Joel Russell of Oakland University kicked the session off by describing a series of computer-based visualization tools that were developed specifically for first-year chemistry students. These tools incorporated both simulations of molecular motion with more traditional pen-and-paper activities and were found to be effective in helping students develop a better understanding of particulate-level phenomena. The first-year experience was also the subject of Sean Madden’s presentation. Currently at Greeley West High School, Sean talked about the results of a qualitative research study that sought to understand students’ use of representations as they solved ideal gas problems. The results suggested that both beginning and advanced chemistry students gravitated towards a single representational model; however, the more advanced students were more likely to use this preferred representation as a heuristic when presented with other, less familiar representations. Sonia Miller Underwood from Clemson University closed out the first half of the session by presenting her work on students’ use of Lewis structures. According to her research, many general and organic chemistry students do not recognize the importance of using Lewis structures nor the information that can be derived from their use. To help combat these issues, Sonia reported on the use of a new general chemistry curriculum – Chemistry, Life, the Universe, and Everything (CLUE). Her results showed that as opposed to students enrolled in a traditional general chemistry course, students taught using the CLUE curriculum were not only better equipped to create Lewis structures but had a much more realistic understanding of how they can be used.

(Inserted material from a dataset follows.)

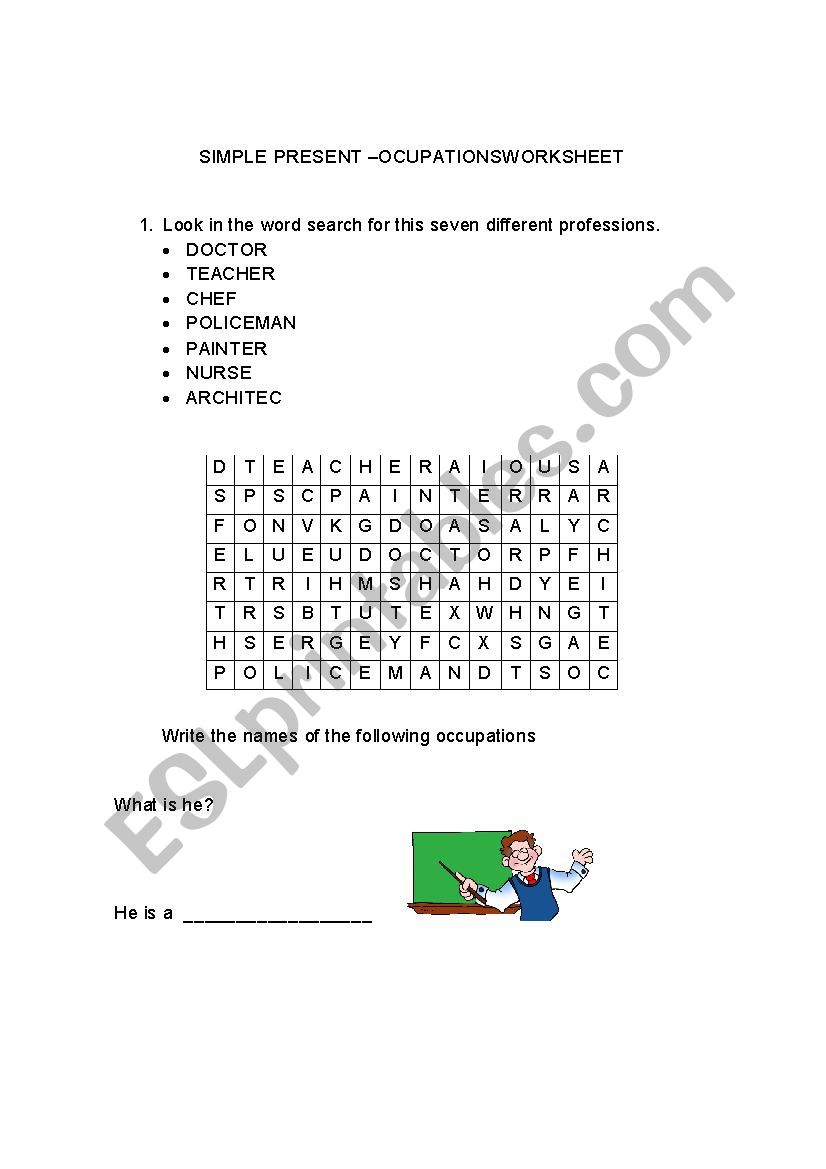 Simple present occupations Worksheet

The second half of the symposium began with a presentation from Basil Naah of Middle Tennessee State University. Basil expounded upon a mixed-methods study he conducted to identify students’ misconceptions about dissolving ionic compounds in water. Specifically, it was noted that many students felt the water reacted with the ionic salt through a double displacement-type process to form a metal oxide and an acid, that polyatomic ions dissociate into individual atoms, and that ionic salts dissolve as neutral ion-pairs in water. Robert Kojima from the University of California, Los Angeles presented a computer-based chemical nomenclature system used at two community colleges in the Los Angeles area. The system was created to be individually adaptive, and Robert presented specific information about the computer algorithm designed to drive the system. Finally, Nathaniel Grove from the University of North Carolina Wilmington talked about the use of embodied cognition to enhance the learning of organic chemistry mechanisms and the curved-arrow notation. The research utilized BeSocratic, a system designed to combine gesture with graphically-based prompts and individualized feedback, and asked students to complete two, 20-minute activities during their study of the material. Results documented a dramatic increase in the ability of students using the BeSocratic system to solve both near and far transfer tasks and in the number actually using mechanisms in comparison to students in a control group.